*** Information Section Begins ***

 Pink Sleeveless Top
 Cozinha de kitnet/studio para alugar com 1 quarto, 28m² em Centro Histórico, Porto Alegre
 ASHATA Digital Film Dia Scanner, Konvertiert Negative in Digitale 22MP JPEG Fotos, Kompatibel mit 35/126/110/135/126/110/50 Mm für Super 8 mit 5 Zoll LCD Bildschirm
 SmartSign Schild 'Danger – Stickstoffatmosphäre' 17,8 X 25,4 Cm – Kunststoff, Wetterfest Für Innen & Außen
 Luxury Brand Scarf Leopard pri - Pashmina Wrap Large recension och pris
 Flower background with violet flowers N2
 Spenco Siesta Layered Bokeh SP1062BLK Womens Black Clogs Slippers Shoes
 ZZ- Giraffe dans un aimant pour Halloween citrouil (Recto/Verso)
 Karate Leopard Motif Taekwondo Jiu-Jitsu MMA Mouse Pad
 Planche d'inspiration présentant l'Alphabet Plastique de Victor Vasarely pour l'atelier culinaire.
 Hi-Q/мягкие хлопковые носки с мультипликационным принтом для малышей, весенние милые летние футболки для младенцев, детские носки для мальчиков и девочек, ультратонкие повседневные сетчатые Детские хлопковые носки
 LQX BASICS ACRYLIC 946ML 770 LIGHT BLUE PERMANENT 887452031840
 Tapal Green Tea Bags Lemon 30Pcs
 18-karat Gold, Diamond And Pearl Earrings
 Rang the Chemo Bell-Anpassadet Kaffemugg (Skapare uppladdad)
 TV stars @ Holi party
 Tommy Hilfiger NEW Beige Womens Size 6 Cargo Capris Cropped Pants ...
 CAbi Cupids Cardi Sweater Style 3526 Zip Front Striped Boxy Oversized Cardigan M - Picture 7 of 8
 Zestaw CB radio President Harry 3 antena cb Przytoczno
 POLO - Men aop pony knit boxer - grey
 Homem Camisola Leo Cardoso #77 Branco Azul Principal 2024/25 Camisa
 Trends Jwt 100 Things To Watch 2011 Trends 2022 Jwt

*** Information Section Ends ***

- **Task item**
If the word "Leopard" is on a line above, return that line.

- **Problem solution**
 Luxury Brand Scarf Leopard pri - Pashmina Wrap Large recension och pris
 Karate Leopard Motif Taekwondo Jiu-Jitsu MMA Mouse Pad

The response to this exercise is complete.